*** Opening Supplied material ***

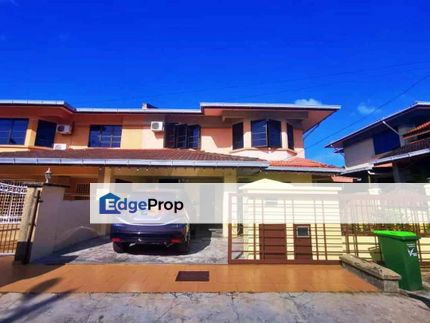 Semi Detached Taman Suasana Permai, Jitra, kedah, Kedah, Jitra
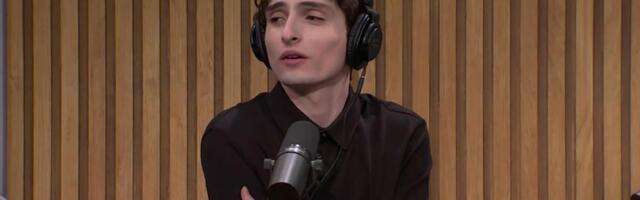 "Zašto je Fin Volfhard u Nacionalnoj galeriji u Londonu?" Fanovi uočili neverovatnu sličnost između glumca i čuvenog portreta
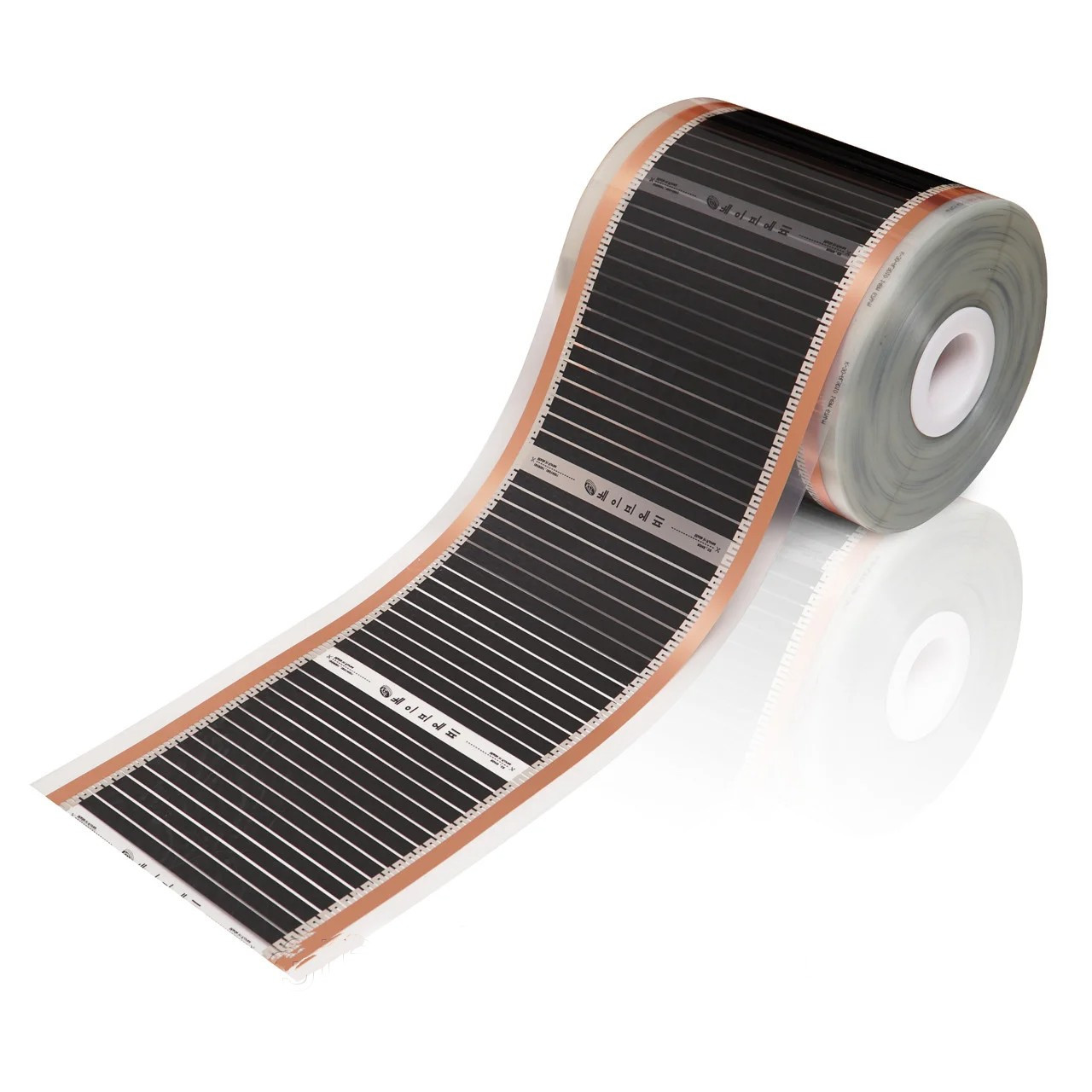 Heat Plus HP-SPN-303-60 инфракрасная пленка для теплого пола (ширина 30 ...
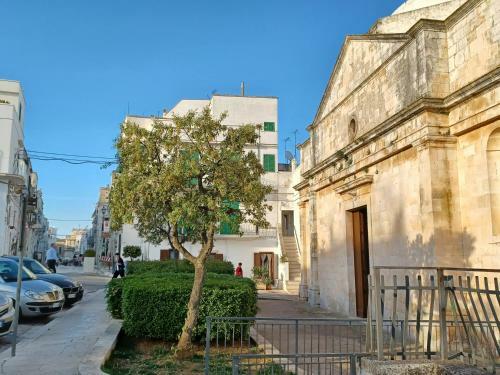 Apartamento Casa Vacanze Fortuna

*** Closing Supplied material ***

What the task asks
The output should be the lines from the one with "Heat Plus HP-SPN-303-60" through the end of the material above, both ends included, printed exactly and nothing else. Drop the pictures.

Output for this exercise
 Heat Plus HP-SPN-303-60 инфракрасная пленка для теплого пола (ширина 30 ...
 Apartamento Casa Vacanze Fortuna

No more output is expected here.